Facilitating Postsecondary Education and Training for TANF Recipients

| Gayle Hamilton, Susan Scrivener

Increasing education among low-income parents is a vital component of policies to improve families’ economic status. This policy brief draws on rigorous studies to highlight what is known about effects to encourage participation in and completion of postsecondary education among recipients of Temporary Assistance for Needy Families (TANF) cash assistance and other low-income populations. It is challenging to increase higher education enrollment, particularly among low-income, employed single parents. However, some community-college-based programs have succeeded, although only one has increased school persistence in the medium term.
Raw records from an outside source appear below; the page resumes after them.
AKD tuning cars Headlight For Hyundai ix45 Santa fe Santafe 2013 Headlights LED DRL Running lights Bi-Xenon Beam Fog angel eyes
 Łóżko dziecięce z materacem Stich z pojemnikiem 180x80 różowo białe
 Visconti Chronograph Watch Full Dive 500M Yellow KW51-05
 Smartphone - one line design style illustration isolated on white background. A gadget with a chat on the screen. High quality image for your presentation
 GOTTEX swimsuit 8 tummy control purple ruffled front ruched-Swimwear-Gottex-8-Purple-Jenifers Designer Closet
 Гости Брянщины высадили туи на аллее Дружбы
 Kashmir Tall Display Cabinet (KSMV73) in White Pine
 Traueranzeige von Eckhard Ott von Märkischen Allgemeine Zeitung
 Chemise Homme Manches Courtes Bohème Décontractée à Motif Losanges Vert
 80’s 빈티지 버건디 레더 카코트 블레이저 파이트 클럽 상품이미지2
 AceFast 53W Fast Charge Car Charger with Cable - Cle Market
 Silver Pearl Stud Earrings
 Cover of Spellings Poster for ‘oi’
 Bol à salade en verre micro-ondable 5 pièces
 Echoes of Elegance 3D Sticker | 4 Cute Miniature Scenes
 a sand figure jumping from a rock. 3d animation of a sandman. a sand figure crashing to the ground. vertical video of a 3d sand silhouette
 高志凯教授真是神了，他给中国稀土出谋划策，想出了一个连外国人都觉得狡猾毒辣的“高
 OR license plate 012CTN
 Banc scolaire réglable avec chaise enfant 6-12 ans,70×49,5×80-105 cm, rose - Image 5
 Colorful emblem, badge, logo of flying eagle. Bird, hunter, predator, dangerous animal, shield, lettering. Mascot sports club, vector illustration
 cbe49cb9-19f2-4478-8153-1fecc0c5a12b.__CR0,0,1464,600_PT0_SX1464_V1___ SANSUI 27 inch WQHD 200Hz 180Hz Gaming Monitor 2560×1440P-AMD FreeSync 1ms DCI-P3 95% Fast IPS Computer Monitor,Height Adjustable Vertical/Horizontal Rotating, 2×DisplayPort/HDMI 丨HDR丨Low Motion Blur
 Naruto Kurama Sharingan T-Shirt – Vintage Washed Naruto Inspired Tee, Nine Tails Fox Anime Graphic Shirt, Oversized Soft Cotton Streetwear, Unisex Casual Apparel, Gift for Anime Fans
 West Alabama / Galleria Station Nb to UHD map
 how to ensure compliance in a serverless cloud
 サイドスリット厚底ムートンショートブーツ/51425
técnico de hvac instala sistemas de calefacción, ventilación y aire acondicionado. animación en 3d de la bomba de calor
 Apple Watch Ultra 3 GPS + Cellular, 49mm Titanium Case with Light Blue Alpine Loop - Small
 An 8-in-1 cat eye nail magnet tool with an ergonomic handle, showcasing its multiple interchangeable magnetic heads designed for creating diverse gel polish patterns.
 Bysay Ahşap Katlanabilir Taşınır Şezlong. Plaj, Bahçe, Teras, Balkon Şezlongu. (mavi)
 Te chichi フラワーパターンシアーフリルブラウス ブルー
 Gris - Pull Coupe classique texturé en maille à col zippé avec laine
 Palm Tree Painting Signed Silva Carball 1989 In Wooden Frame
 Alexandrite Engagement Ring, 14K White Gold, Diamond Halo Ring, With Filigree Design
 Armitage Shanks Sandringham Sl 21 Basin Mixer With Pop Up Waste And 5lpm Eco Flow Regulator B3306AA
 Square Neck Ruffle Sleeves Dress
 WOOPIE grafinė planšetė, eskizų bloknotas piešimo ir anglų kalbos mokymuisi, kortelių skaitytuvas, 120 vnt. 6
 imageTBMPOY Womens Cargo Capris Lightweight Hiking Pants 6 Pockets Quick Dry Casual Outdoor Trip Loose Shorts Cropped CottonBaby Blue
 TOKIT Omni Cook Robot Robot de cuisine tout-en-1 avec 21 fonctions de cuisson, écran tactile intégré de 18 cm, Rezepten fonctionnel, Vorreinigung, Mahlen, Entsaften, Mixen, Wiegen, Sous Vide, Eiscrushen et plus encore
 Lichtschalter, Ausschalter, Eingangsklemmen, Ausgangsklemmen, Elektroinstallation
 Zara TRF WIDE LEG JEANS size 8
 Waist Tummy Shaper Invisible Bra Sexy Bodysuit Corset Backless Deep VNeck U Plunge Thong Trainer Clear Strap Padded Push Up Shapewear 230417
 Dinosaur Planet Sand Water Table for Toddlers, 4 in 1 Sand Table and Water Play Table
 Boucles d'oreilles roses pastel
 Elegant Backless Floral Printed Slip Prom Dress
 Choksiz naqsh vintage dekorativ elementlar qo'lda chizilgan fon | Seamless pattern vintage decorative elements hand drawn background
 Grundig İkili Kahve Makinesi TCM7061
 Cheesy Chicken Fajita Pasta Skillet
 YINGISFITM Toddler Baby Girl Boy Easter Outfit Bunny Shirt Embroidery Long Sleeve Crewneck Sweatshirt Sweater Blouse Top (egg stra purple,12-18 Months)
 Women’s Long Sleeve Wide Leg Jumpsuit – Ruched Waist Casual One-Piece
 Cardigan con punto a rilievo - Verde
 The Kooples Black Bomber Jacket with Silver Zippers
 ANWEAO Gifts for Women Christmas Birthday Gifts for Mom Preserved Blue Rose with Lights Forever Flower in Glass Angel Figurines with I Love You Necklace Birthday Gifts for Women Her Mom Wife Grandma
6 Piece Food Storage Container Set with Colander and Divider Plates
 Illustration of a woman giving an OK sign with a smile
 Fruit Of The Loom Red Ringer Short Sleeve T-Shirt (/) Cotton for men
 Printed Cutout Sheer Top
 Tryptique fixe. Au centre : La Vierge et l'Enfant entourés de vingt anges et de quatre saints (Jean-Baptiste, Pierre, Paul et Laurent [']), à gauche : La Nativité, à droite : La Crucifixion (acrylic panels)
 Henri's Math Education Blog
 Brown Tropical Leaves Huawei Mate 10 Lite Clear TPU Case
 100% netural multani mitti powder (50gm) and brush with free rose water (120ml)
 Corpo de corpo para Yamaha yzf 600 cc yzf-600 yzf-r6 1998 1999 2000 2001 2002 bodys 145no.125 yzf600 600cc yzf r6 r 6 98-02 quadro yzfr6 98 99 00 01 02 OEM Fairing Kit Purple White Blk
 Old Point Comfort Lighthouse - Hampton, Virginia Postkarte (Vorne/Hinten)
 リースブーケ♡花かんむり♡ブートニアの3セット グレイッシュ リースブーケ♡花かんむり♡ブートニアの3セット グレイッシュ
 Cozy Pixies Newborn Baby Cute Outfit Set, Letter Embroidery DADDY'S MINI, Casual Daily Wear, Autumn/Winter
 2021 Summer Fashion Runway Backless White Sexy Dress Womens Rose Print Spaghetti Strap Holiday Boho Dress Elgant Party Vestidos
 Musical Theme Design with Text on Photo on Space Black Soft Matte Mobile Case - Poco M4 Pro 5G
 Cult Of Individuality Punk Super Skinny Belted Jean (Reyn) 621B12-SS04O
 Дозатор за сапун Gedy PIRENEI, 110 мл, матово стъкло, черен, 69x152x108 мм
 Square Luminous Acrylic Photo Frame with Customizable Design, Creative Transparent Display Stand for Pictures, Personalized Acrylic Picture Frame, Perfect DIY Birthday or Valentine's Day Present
The research shows that some strategies can increase TANF recipients’ and other low-income adults’ engagement and persistence in postsecondary education and training and can boost earnings. Moreover, it shows that various agencies and institutions can work together to promote higher education among low-income parents. But new, potentially more effective interventions are needed, and new interventions — along with promising current ones — must be rigorously tested and the successful ones brought to scale. Taking into account strategies found to be effective and hypotheses for why some tested programs were not effective, the brief suggests the following approaches:

  • Adopting a career pathways framework. Programs using this framework generally offer academic, occupational, and life-skills training that employers value, financial and supportive services, and defined links to employment opportunities, with a goal of moving individuals up career pathways.
  • Use a sector approach. While this approach has shown promise on a small scale, it would be useful to examine whether sector-based training programs can be implemented on a larger scale than previously, as well as in different settings and focusing on different sectors.
  • Incorporate more reforms within community college settings. Given community colleges’ extensive role in educating and training low-income adults, improving their programs is key.
  • Explore ways for more low-income adults to receive a high school diploma or GED in concert with, or before quickly transitioning to, vocational training and postsecondary education.